Your task: Print nothing except the lines of the listing below from the line with "TerraceOnOrlando On-Site Laundry Machines" to the line with "Save water drink tequila", each exactly as written, both ends included.

---

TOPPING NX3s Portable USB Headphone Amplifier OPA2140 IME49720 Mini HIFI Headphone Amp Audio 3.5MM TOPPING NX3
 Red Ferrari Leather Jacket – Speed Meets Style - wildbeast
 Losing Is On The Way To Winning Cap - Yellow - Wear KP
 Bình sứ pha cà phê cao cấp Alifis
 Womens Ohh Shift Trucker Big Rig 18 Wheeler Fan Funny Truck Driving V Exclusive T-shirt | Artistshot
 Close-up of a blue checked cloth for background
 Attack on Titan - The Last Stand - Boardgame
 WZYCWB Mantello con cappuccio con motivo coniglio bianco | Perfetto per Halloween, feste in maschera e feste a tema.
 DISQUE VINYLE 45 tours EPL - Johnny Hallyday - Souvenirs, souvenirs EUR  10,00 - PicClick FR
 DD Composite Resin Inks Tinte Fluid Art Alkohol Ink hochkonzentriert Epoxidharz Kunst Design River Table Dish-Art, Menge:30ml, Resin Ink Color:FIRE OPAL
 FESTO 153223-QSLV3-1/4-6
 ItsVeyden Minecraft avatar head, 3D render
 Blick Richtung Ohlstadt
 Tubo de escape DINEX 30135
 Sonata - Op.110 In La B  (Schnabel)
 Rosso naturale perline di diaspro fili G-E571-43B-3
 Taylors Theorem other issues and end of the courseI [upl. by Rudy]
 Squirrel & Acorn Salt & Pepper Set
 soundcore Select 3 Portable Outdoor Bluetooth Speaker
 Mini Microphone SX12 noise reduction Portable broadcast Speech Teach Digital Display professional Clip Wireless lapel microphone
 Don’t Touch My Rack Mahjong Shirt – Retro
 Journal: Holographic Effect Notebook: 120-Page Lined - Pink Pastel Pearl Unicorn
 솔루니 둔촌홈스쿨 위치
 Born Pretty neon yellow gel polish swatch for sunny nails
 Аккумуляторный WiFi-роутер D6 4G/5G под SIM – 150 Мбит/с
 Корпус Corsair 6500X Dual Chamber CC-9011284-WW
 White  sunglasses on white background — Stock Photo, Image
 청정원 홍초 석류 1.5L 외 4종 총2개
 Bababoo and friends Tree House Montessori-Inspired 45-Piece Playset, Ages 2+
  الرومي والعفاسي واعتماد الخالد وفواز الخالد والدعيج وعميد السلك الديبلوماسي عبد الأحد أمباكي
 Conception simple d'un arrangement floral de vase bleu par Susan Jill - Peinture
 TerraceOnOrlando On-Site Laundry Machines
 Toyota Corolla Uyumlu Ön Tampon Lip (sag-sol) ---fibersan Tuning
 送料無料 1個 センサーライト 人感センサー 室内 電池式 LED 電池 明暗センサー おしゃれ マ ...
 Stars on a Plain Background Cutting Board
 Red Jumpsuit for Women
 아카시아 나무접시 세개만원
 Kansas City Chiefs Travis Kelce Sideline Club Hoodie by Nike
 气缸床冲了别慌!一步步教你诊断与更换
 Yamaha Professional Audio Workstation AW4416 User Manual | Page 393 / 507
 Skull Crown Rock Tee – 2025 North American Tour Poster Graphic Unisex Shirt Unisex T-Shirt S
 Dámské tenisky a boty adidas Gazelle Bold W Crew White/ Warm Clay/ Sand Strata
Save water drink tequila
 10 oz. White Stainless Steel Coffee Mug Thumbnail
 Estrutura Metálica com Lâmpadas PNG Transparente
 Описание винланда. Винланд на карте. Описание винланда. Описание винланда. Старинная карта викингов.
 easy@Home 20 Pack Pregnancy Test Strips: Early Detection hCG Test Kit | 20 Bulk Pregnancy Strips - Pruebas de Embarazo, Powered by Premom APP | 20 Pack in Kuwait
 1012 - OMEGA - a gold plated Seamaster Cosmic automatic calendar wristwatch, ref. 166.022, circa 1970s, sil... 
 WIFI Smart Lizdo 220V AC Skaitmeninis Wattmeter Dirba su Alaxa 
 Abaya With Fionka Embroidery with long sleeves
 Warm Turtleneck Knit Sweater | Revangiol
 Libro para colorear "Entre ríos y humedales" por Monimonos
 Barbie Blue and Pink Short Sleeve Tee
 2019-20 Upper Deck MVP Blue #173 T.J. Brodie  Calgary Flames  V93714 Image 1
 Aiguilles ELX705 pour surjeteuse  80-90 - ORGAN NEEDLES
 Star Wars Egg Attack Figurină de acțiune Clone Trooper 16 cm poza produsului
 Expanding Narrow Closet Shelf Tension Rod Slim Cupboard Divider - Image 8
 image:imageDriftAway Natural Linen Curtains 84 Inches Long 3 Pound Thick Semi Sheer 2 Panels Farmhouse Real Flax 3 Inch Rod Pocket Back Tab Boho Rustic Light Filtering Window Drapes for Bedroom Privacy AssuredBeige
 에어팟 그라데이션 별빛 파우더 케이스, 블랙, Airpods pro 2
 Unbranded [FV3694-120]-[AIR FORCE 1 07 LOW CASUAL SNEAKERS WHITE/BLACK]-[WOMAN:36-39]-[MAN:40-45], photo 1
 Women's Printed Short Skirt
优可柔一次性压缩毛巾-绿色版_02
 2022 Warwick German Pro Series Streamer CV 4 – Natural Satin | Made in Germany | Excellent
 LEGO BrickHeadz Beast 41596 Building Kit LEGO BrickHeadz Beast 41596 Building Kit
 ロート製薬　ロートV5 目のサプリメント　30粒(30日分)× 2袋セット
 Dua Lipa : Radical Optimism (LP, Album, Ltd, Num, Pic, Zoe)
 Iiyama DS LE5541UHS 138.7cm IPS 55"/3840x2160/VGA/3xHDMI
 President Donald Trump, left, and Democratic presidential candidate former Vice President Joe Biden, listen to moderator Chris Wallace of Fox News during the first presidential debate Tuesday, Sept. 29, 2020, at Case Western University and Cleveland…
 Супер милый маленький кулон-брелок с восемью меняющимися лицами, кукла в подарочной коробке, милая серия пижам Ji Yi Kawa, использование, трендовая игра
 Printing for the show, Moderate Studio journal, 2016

---

Answer area:
 TerraceOnOrlando On-Site Laundry Machines
 Toyota Corolla Uyumlu Ön Tampon Lip (sag-sol) ---fibersan Tuning
 送料無料 1個 センサーライト 人感センサー 室内 電池式 LED 電池 明暗センサー おしゃれ マ ...
 Stars on a Plain Background Cutting Board
 Red Jumpsuit for Women
 아카시아 나무접시 세개만원
 Kansas City Chiefs Travis Kelce Sideline Club Hoodie by Nike
 气缸床冲了别慌!一步步教你诊断与更换
 Yamaha Professional Audio Workstation AW4416 User Manual | Page 393 / 507
 Skull Crown Rock Tee – 2025 North American Tour Poster Graphic Unisex Shirt Unisex T-Shirt S
 Dámské tenisky a boty adidas Gazelle Bold W Crew White/ Warm Clay/ Sand Strata
Save water drink tequila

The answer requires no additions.